Faculty & Scientific Staff
Caroline Stefani, PhD
Background Information
Dr. Caroline Stefani received her master's degree in cellular biology and immunology from the University of Nice Sophia-Antipolis in France, graduating first in her class. She then completed her PhD in Dr. Emmanuel Lemichez’s lab at the Mediterranean Center of Molecular Medicine, where she studied the effect of bacterial toxins on the actin cytoskeleton. During her thesis, she was the recipient of the Alexandre Joel Award from the French National Institute of Cancer for her work on metastasis and the Thesis of the Year award by the University of Nice Sophia-Antipolis.

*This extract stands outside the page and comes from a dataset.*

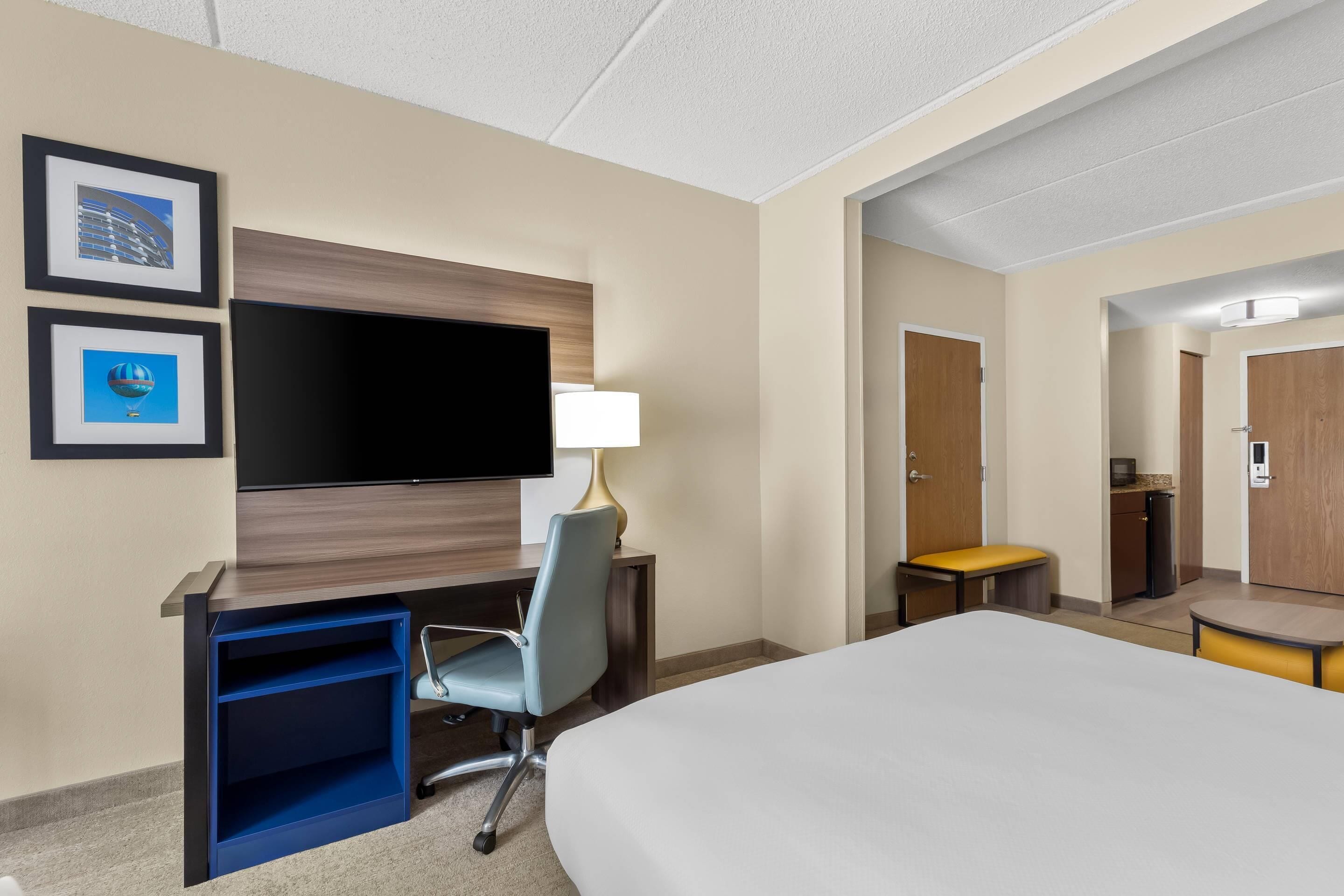 Een hotelkamer met een bed, een bureau met stoel, een televisie en een kleine kitchenette.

She moved to the United States in 2013, joining BRI in the Stuart and Lacy-Hulbert Lab for her post-doc. She used forward genetic screens to identify resistance genes to cellular damage induced by bacterial toxins. During her post-doc, she also pioneered the use of Virtual Reality as a 3D visualization tool for fluorescence images and helped developed multiple automated imaging analysis pipelines. She is currently a Research Assistant Member at BRI and Manager of the Imaging Core. She continues working in collaboration with the Lacy-Hulbert Lab.
Area of Research
Dr. Stefani’s laboratory is focused on mechanisms of sensing and repair to cellular damage. During diseases or normal physiological changes, cell membranes can be compromised. Those damages need first to be sensed by the cells to be addressed. Sensing mechanisms are specific to the type of damage and their context and are not well understood yet. The cells need then to engage in a series of signaling reactions to decide if it needs to repair, die quietly, or die while alerting the rest of the immune system. This research will help us understand diseases like cancer, infection, and neurodegenerative disorders.

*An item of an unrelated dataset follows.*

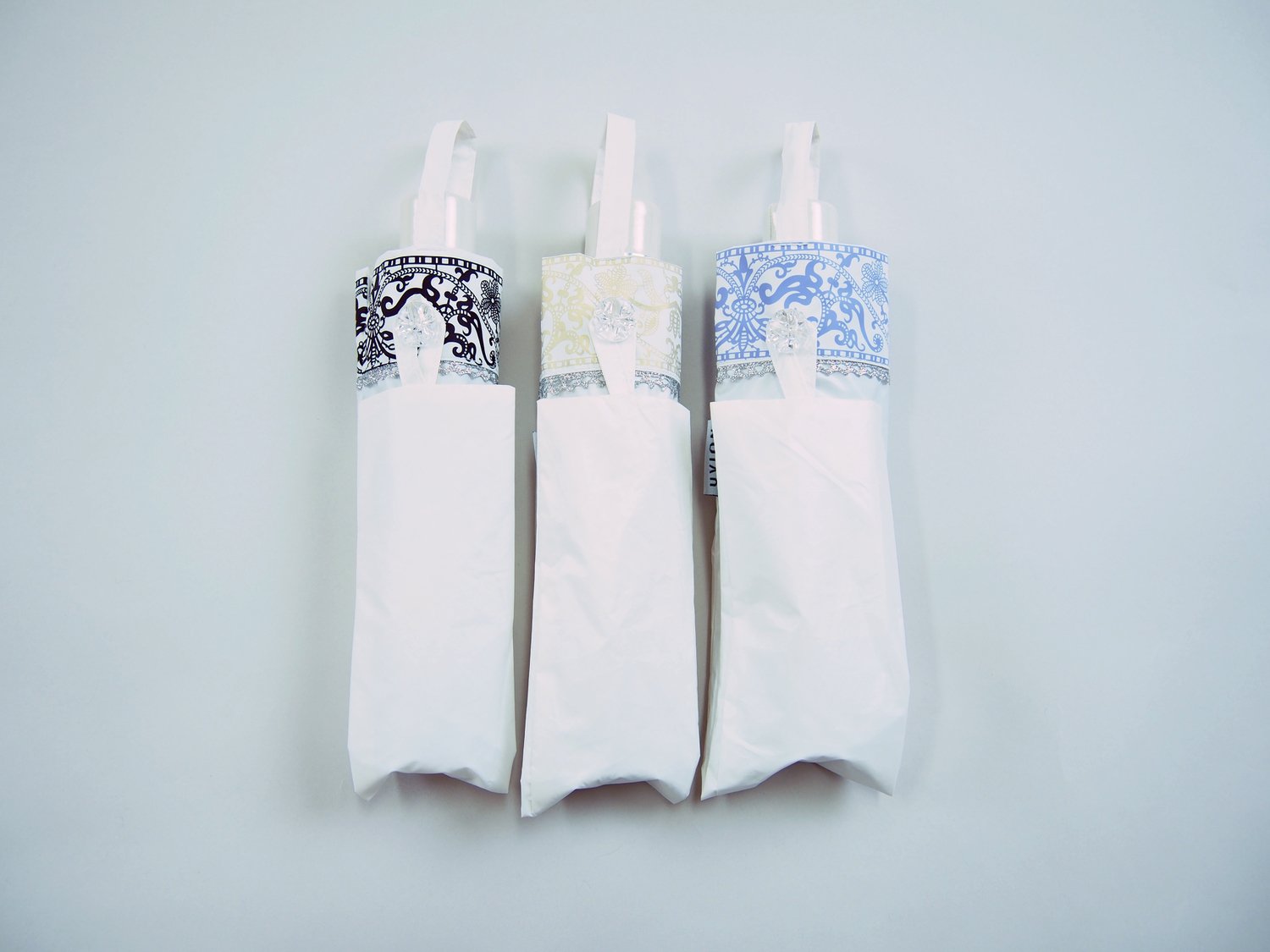 Amazon.co.jp: UVION(ユビオン) ホワイト 折りたたみ傘 手開き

In conjunction with her research program, she also manages the microscopy resources in the shared Cell and Tissue Analysis Core (CATA) at BRI; this includes both scanning and spinning disk confocal microscopes, imaging plate readers for high content semi-automated imaging, and ‘in incubator’ microscopes for live cell imaging, along with conventional bright field and epifluorescence microscopes. She develops and establishes new methods for cell and tissue imaging and analysis while advising and assisting research groups across BRI on their imaging approaches and complex image analysis and quantification.